Their reticence is understandable, because they face a problem that advocates of all privatization plans have to solve but few like to highlight. Social insurance operates on the principle that today’s workers pay for today’s retirees. In return, today’s workers expect their retirement to be paid for by tomorrow’s workers. Recently the United States edged away from this principle by requiring today’s workers to pay more than is necessary to support the retired roughly $60 billion a year more now, growing to more than $100 billion a year over the next decade. The intent was to ease the burden on tomorrow’s workers and make today’s bumper crop of workers pay in part for their own retirement.

Under privatization, today’s workers would pay for all of their own retirement, as well as the full cost of pensions for today’s retirees. That is why a big tax increase is necessary. In the Kotlikoff-Sachs plan, the payroll tax would be replaced by payments workers would make into personal accounts. The effect of the contribution on a worker’s current disposable income, however, is the same as the payroll tax. The 10 percent sales tax would be an added burden. Without it, the Kotlikoff-Sachs plan collapses.

The real function of any tax is to discourage consumption, thereby boosting national saving. Many people now agree that the United States saves too little. In confronting proposals to boost saving, one has to ask two questions. How much? Is this the best way?

U.S. families now save 4-5 percent of disposable income and consume the rest, most of which would be subject to the 10 percent sales tax.

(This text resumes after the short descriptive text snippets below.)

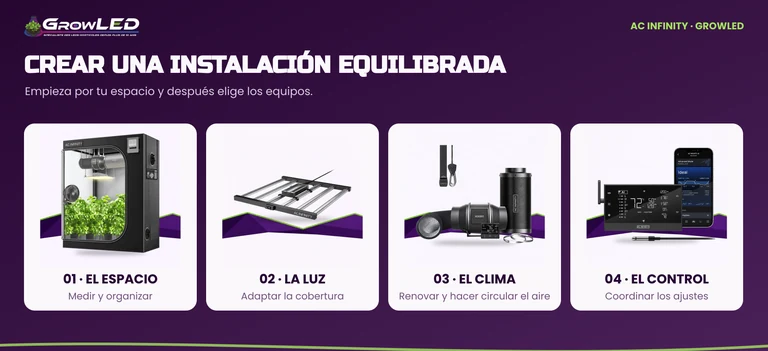 Cuatro pasos de elección: definir el espacio, adaptar la luz, organizar el clima y elegir el control.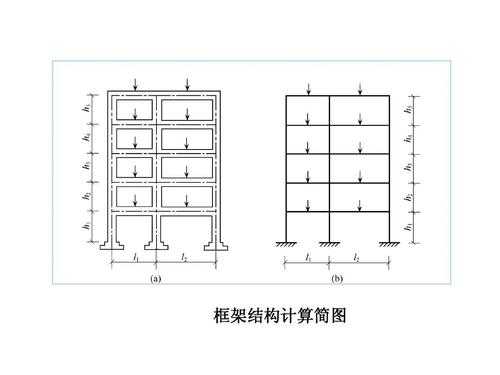 框架结构柱子估算（框架结构柱子一般多粗）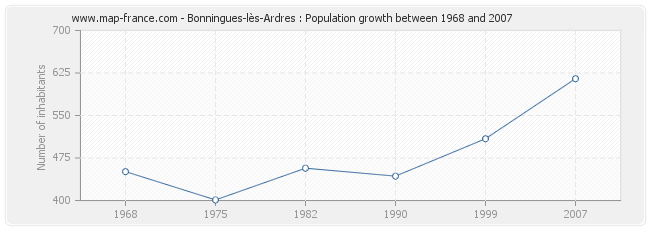 Population Bonningues-lès-Ardres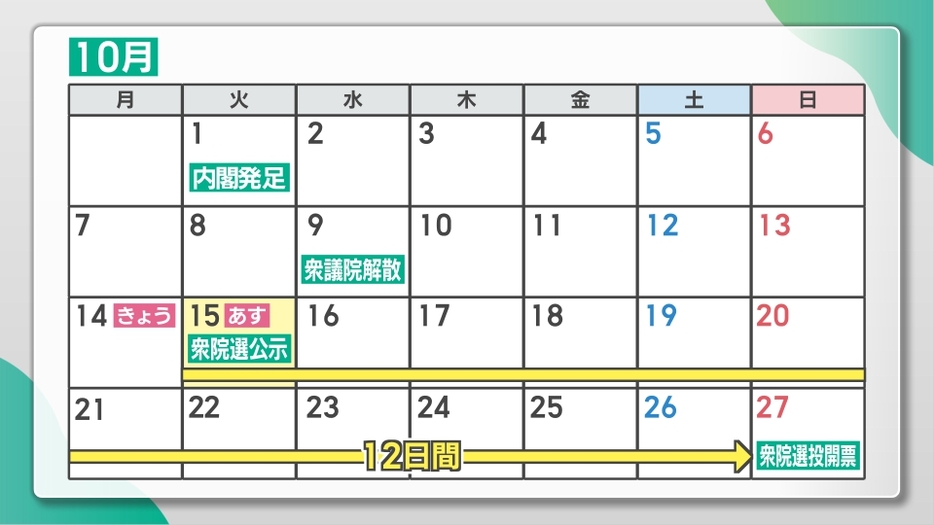 衆院選のスケジュール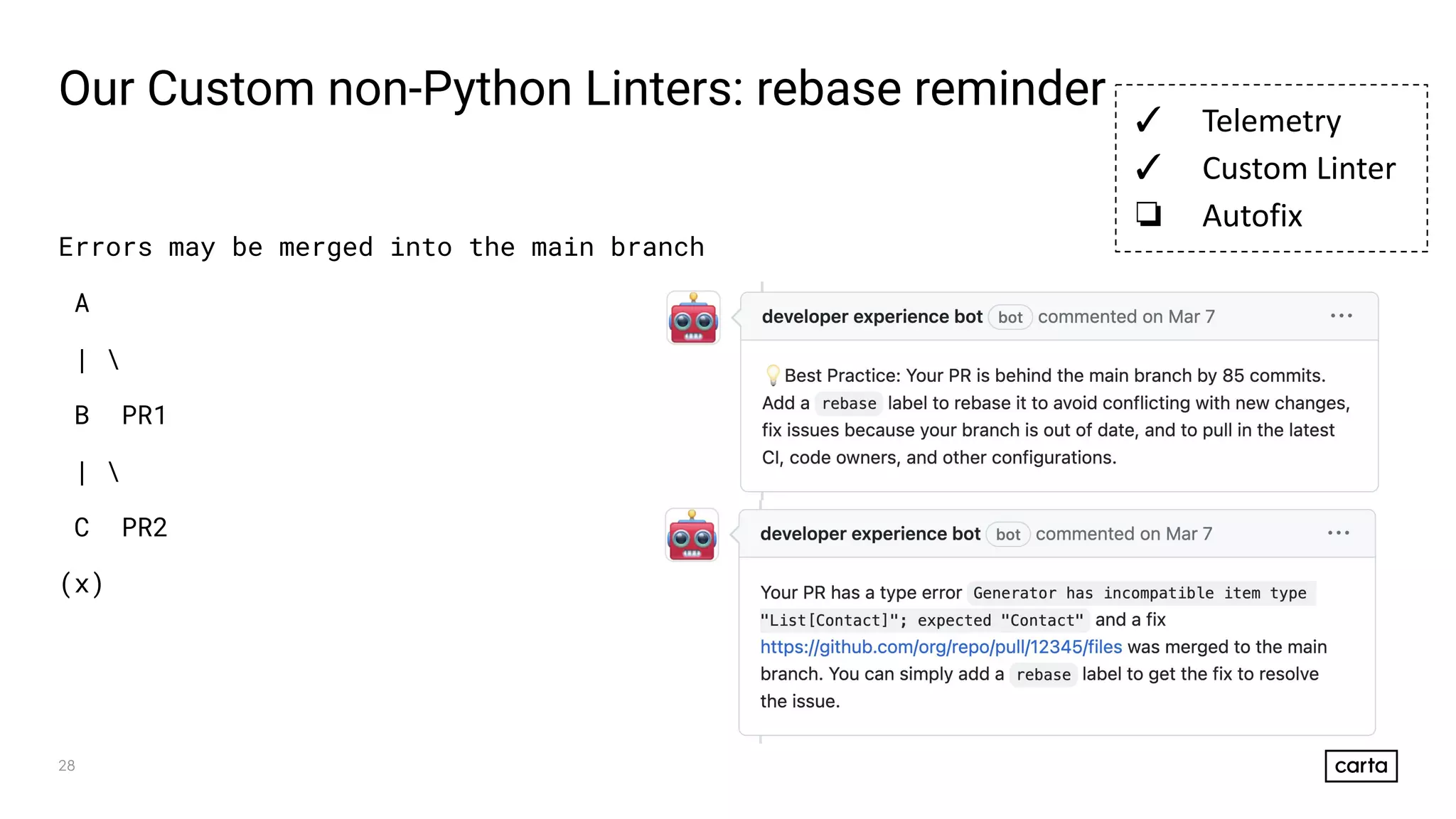 28
Our Custom non-Python Linters: rebase reminder
Errors may be merged into the main branch
A
| 
B PR1
| 
C PR2
(x)
✓ Telemetry
✓ Custom Linter
❏ Autofix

If all consumption were covered, the sales tax would triple the proportion of their disposable income not available for consumption. If half of consumption were exempt, the proportion would double.

Forced saving of this size is unlikely to be acceptable in any form. But if the nation is to save so much, one is entitled to ask who is to consume less. In this case, it is the poor and middle classes, who consume most of their income. High-income families might not have to cut consumption at all. They could reduce voluntary saving to offset the new mandate. Most middle- and lower-income families do not currently save enough voluntarily to do so. Surely it is worth asking whether those who must consume all their modest income should be forced to contribute a larger proportion of that income to boosting national saving than those whose income now permits them to save a good share of it.

America’s Best Antipoverty Program

Social Security faces a modest long-term deficit that Congress should address immediately. The system can and should be fixed, not scrapped. It is possible to do so without raising taxes or materially changing the program. Social Security has served the nation well and promises to continue doing so. It provides more than 80 percent of income to the lowest-income 40 percent of the elderly and disabled. For all but those in the highest-income 20 percent, it provides more than half of income. It is far and away the most important U.S. antipoverty program. It lifts 6 percent of the population out of poverty, double that of all other cash and in-kind assistance combined. Privatization is a bad idea because it places risks on individual workers that they should not be expected to shoulder and that Social Security now spreads broadly among all workers. It would create costly and needless administrative burdens. One can understand why large financial enterprises are spending millions to fund studies of privatization. They would gain enormously, but the rest of us would lose.